You don't even need Lipschitz continuity.
Trivial oversight
With your question statement, you can just choose $d = w = b = 0$ and $a$ and $c$ arbitrary. This holds for any function. So presumably you want $d \neq 0$.
Similarly, if you set $a = 0$, your identity holds with $w = 0$ and $b = d f(0)$. So probably you also want $a \neq 0$.
Slightly less trivial oversight
If $f:\mathbb{R}\to\mathbb{R}$ is continuous at $0$, and $K$ is compact set, then continuity at zero implies there exists $\delta > 0$ such that $y\in (-\delta,\delta) \implies |f(y) - f(0)| < \epsilon$. Since $K$ is compact, it is a subset of $[-R,R]$ for some $R > 0$. Choose then $w = 0 = c$, $b = f(0)$, and $a = \delta / (2R)$, and $d = 1$, then what you want holds.
Based on the above I am pretty sure you asked the wrong question.

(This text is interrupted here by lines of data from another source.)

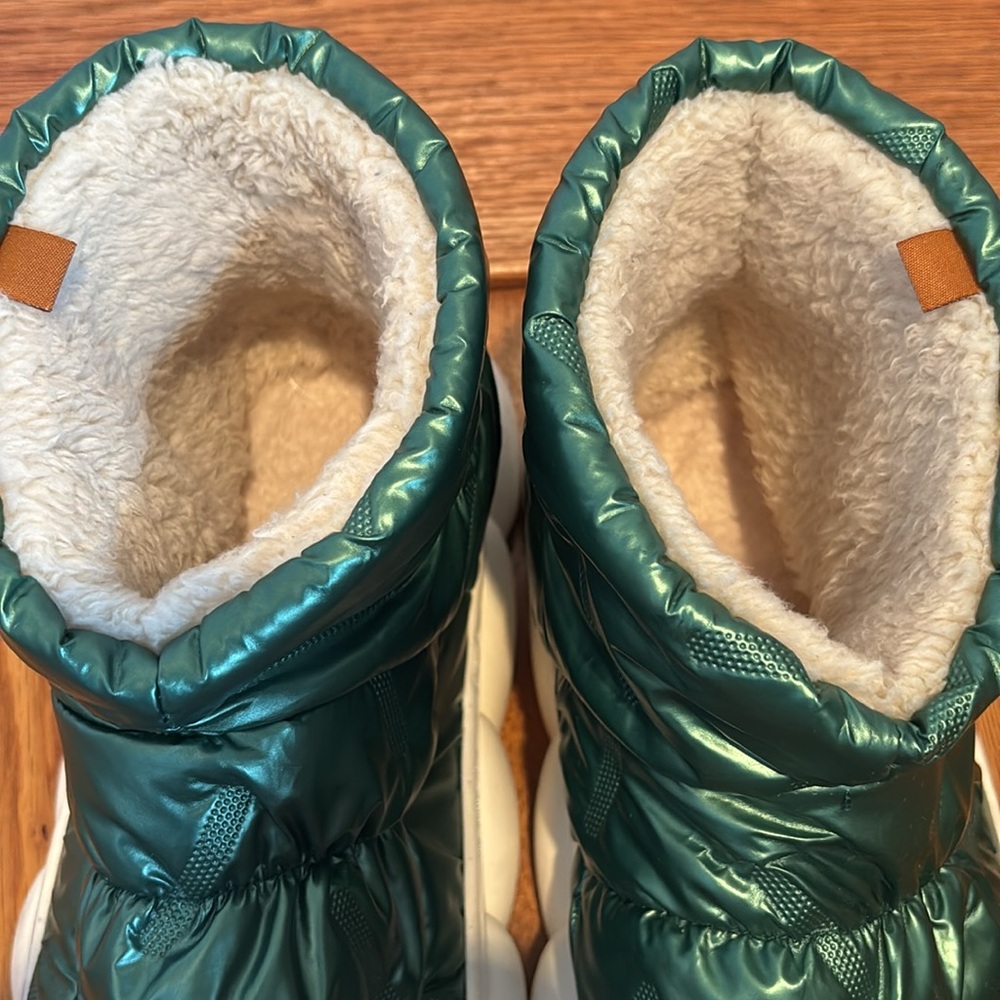 Shark size 42 - 43 puffy shimmery green lightweight ankle boot slippers - Picture 10 of 15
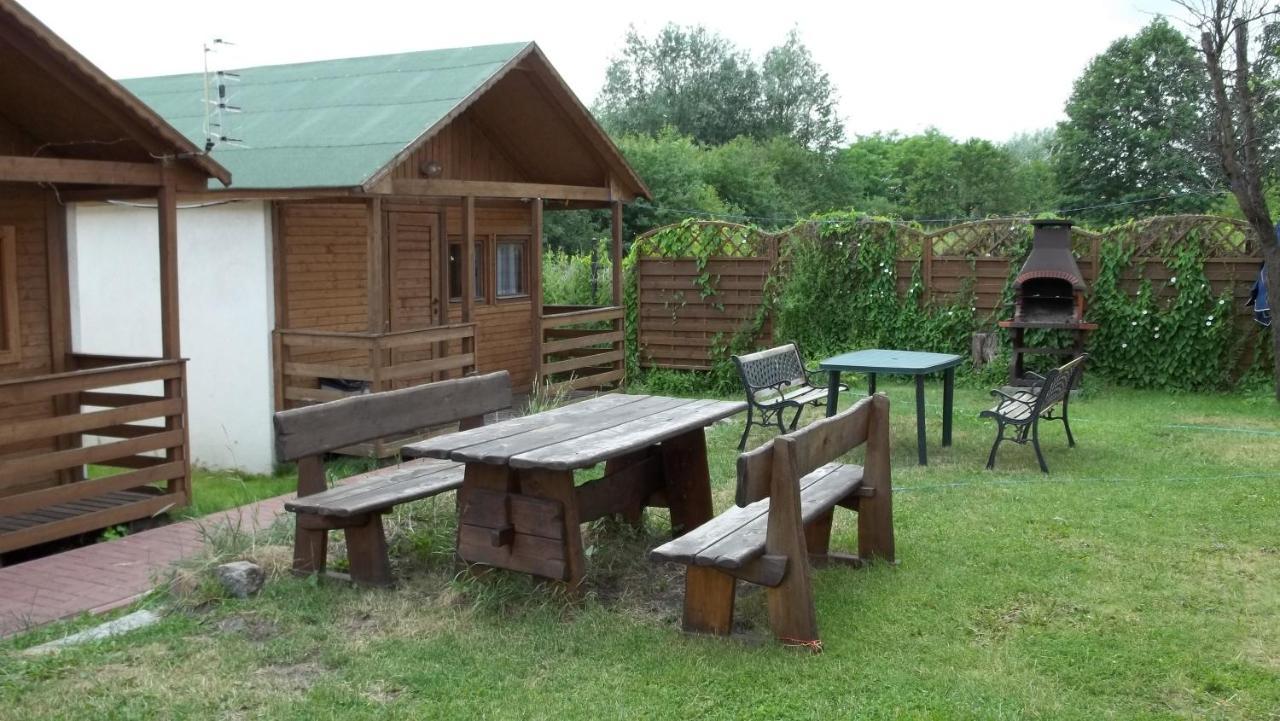 Dworek W Zieleni Varşovia Exterior foto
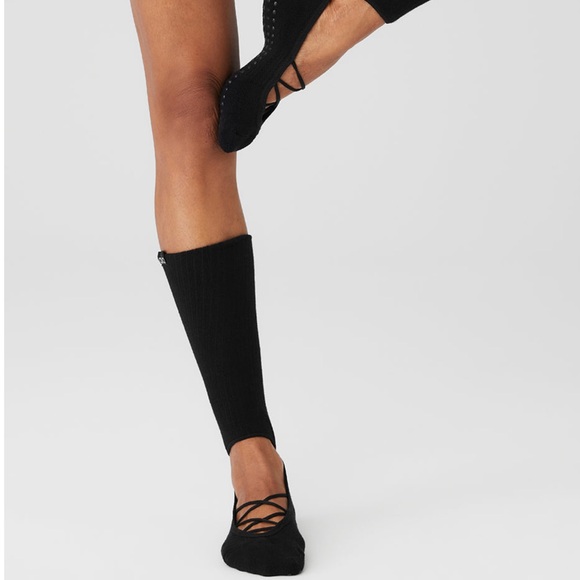 ALO Yoga Accessories - NWT Alo Strappy Siren Grip Socks Black Ballet Barre Pilates Brand New ONE PAIR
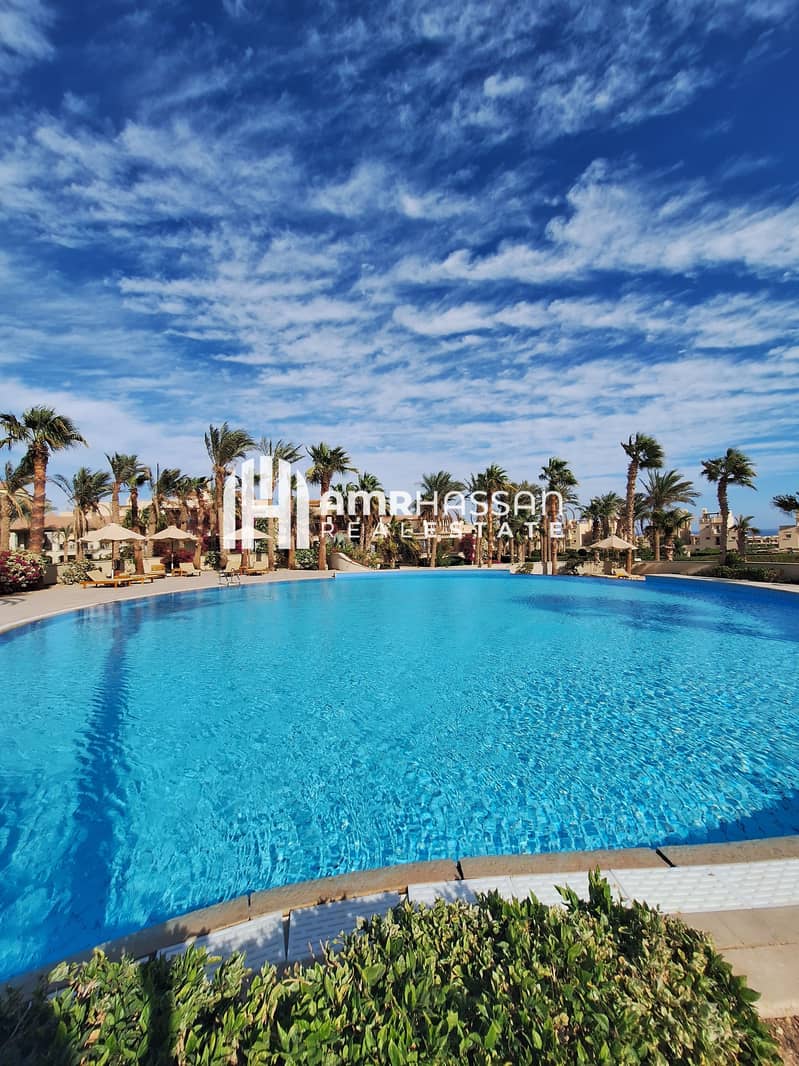 Fully Furnished Penthouse (With Roof) For Sale in Veranda Sahl Hasheesh - Widok 3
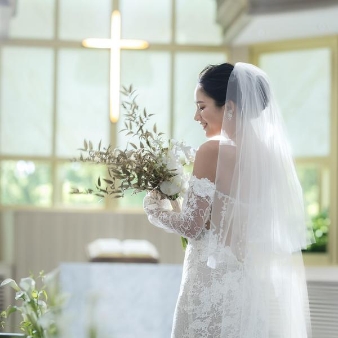 結婚式場：AM来館限定｜ガーデンを望むチャペル×本番前会場見学＆スイーツ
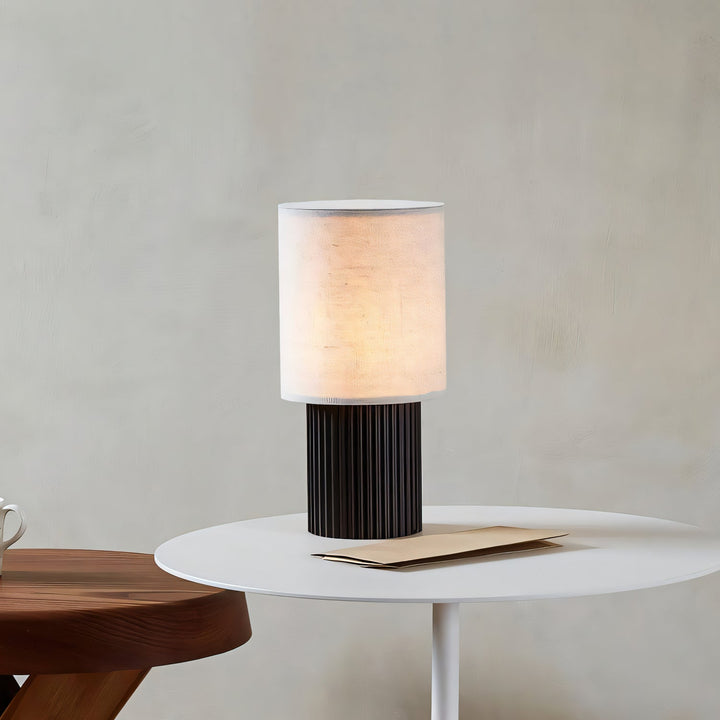 Orlo Ribbed Table Lamp - Vakkerlight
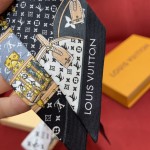 𝐋𝐨𝐮𝐢𝐬 𝐯𝐮𝐢𝐭𝐭𝐨𝐧 A classic silk scarf with a hard case and presbyopic elements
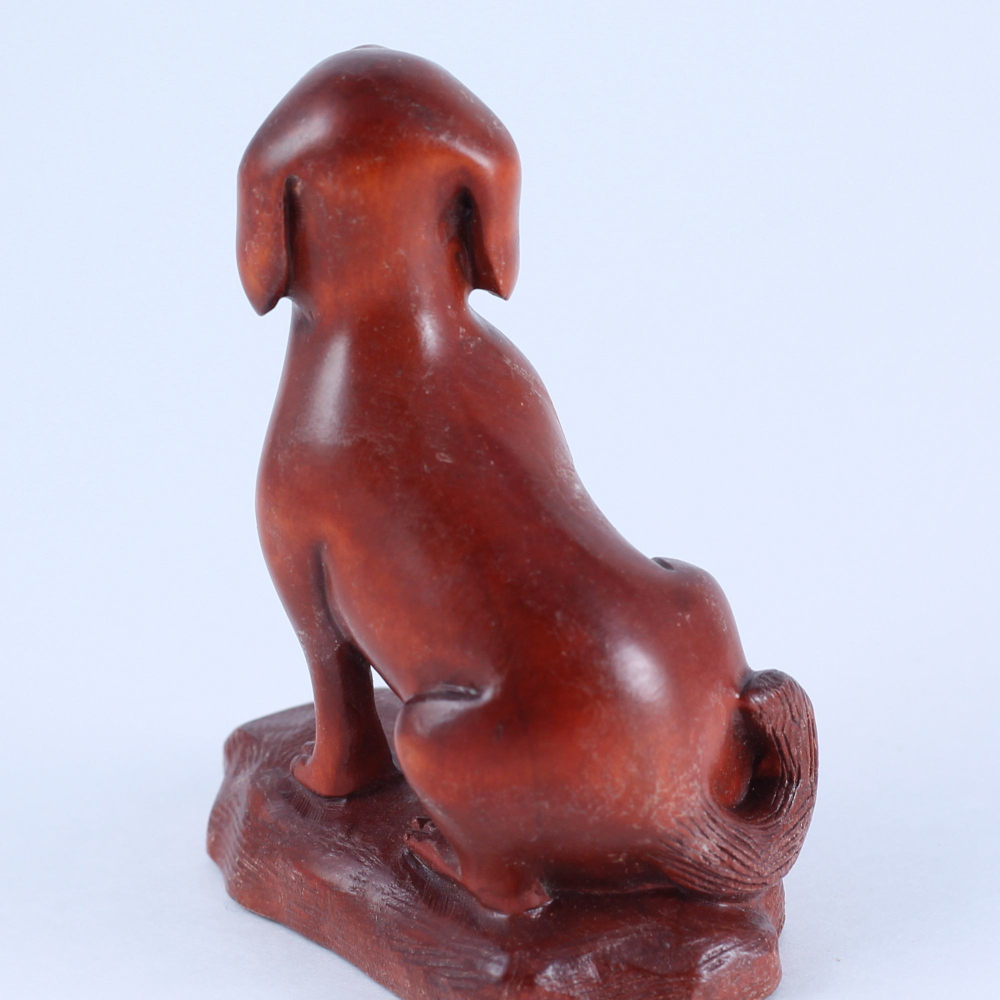 Нэцкэ Собака на подставке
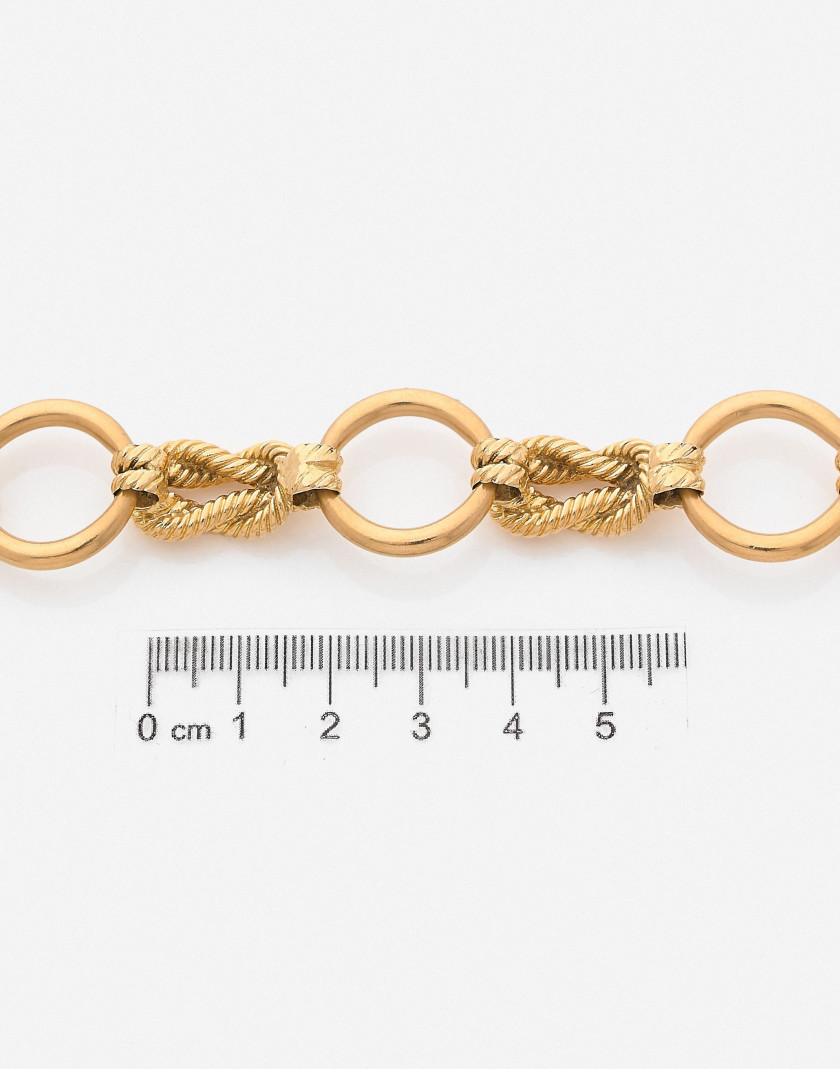 HERMES Bracelet "Audierne" en or jaune, vers 1980 A yellow gold "Audierne" bracelet, circa 1980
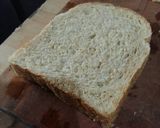 Foto langkah ke 1 dari resep Simple Garlic Bread.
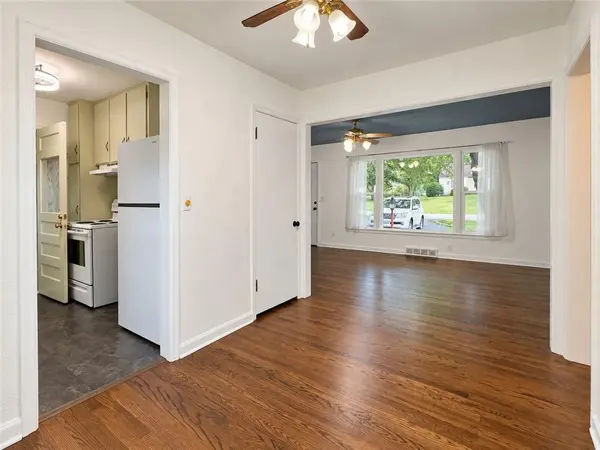 1201 NE 76th TER, Kansas City, MO 64118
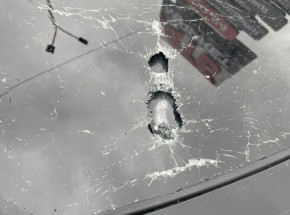 Ukraina: ostrzelalano samochód doradcy prezydenta. Kierowa w ciężkim stanie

Since I mentioned differentiability, let me mention a couple things, which may be more along the line of what you are thinking about:
- If $f$ is differentiable at a point $x_0$, then for every $\epsilon > 0$ and every compact set $K$ there exists an invertible affine transformation $A:\mathbb{R} \to \mathbb{R}$ and an affine function $B:\mathbb{R}\to\mathbb{R}$ such that
$$ | f\circ A(x) - B(x) | \leq \epsilon |A(x)| $$
holds for all $x\in K$.
- If $f$ is strongly differentiable at a point $x_0$, then for every $\epsilon > 0$ and every compact set $K$ there exists an invertible affine transformation $A:\mathbb{R}\to \mathbb{R}$ and a linear function $L:\mathbb{R}\to \mathbb{R}$ such that the Lipschitz seminorm $\| A^{-1} \circ f \circ A - L\| < \epsilon$ when the domain of the functions are restricted to $K$.